The amended words there of renowned Gooner Charles Dickens, who would have perhaps regarded last evening’s football match against the brigands of Madrid with the requisite mix of frustration and irritation. Some of the football played was the perhaps the best of the last half-decade. Played with vim, vigour and desire, in front of an unusually passionate crowd, it seemed like a new manager had started already. Welé played like a man possessed.

It was unusual to witness what at the time seemed to be the beginnings of both a military-grade whipping and a hilarious spectacle of self-destruction from a team other than Arsenal. The excellent referee, Clement Turpin, with his name that sounds like I’ve made it up, was having none of the violent thuggery of Sime Vrsaljko, a man who is in need of a lesson in manners as he is of some vowels in his surname.

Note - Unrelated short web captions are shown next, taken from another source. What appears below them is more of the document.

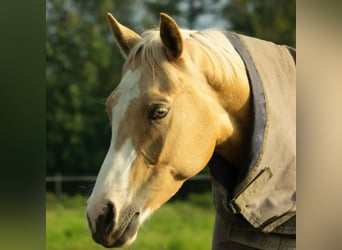 Palomino, Merrie, 8 Jaar, 148 cm, Palomino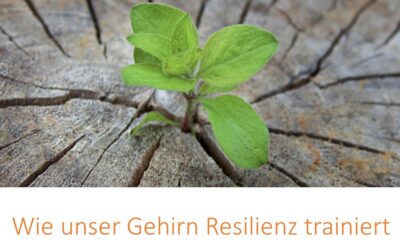 Wie unser Gehirn Resilienz trainiert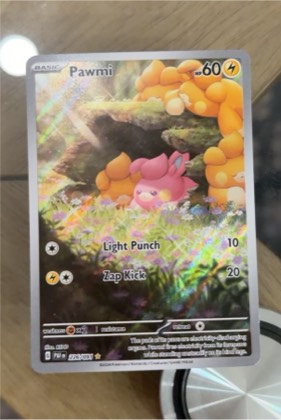 Pawmi, graded 9.3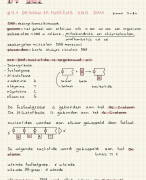 Samenvatting H4 DNA, 5vwo BVJ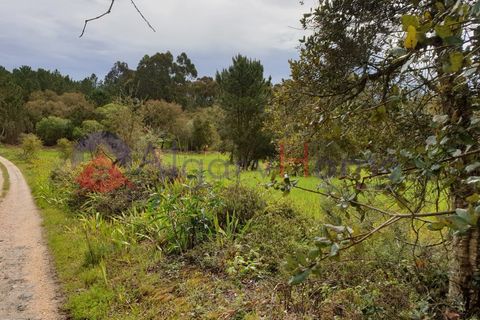 Helårsgrund i Rogil, Faro, Rogil - € 180.000 | Ref: TER_182 - foto 14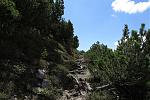 IMG_7371.JPG
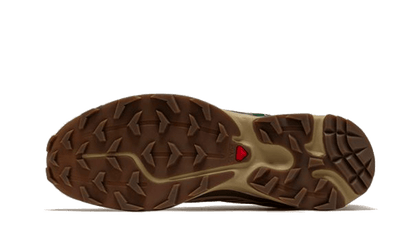 Salomon XT-6 Rubber Lizard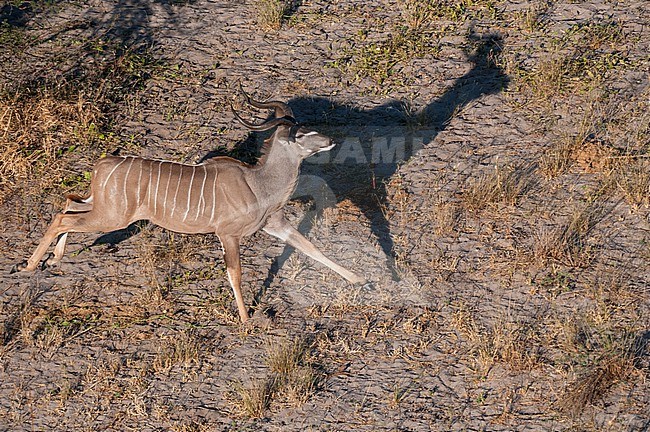 Aerial view of a male greater kudu, Tragelaphus strepsiceros, running. Okavango Delta, Botswana. stock-image by Agami/Sergio Pitamitz,
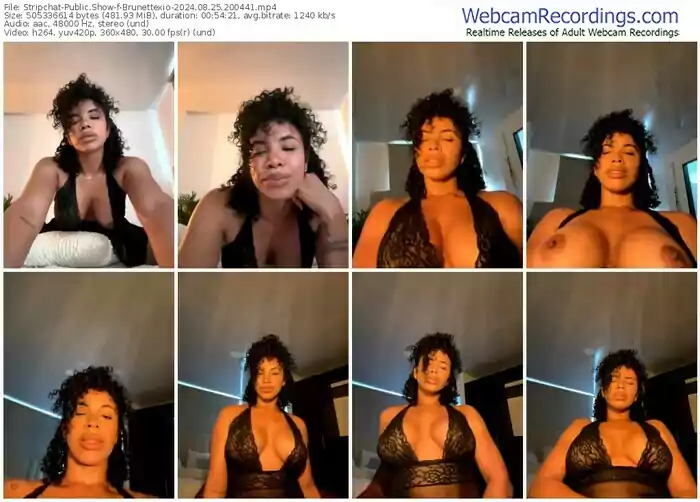 2024/08/25/stripchat-brunettexio-20-04-41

Off he went, with hot-headed pignut Diego Simeone barking that he was a ‘Hijo de puta’, which translates to ‘son of a bitch’. As we all know, the only allowable use of this phrase is when it is directed at the current Tottenham Hotspur manager. He was sent to the stands in his cheap synthetic suit, which he had unforgivably paired with a shirt and tie of similar hue. No doubt he tied his tie in a full Windsor; final confirmation of his criminal caddishness.

What with the early sending off, and the realisation that their midfielder’s name was pronounced “PAR-TAY”, the signs were jolly. We only had two things to overcome; their superlative Irish glove butler, John O’Black, and our own incompetence and immaturity.

Even before Vrsaljko took a long walk to a short bath we should have been ahead, with the fizzing Lakeshead picked out by Welé, but the volley was wide and O’Black made a point- blank save moments later. Unbelievably, considering the number of chances we had generated, and yet believably, as it is Arsenal we’re discussing, we went in to oranges without a goal.

Then finally came the breakthrough on the hour, with Jacques Wilshére sending over the artillery and Mr. Lakeshead rising to meet the cross. I was reminded of a trip to Scotland in the fifties, to The Falls of Shin in Sutherland, in our wonderful Highlands. In late summer you can watch as salmon leap majestically into the air on their way to the upper reaches of the River Shin. 1-0 to the Arsenal!

A more mature club would have built from this and ended the match without our foe scoring an away goal, and perhaps even two or three goals to the good. The mythical handbrake would have been warmly welcomed. And as sure as night follows day, our punishment came in hilarious fashion. Mr. Costerley performed what is known as a Sunderland Nosejob, kicking the ball into his own face, allowing Mr. Greysman onto goal, and our other centre-half, Mr. Masterson, having taken the controversial decision to wear his clown shoes onto the pitch, fell over at the crucial moment for one-one.

To the Wanda Metropolitano then, where Athletic are unbeaten at home in the league this season. A glimmer of hope is that west London mediocrities FC Chelsea 2003 beat them in the Champions’ League, and Seville in the cup. Yet I think we know what is going to happen.

The second leg has honourable failure written all over it.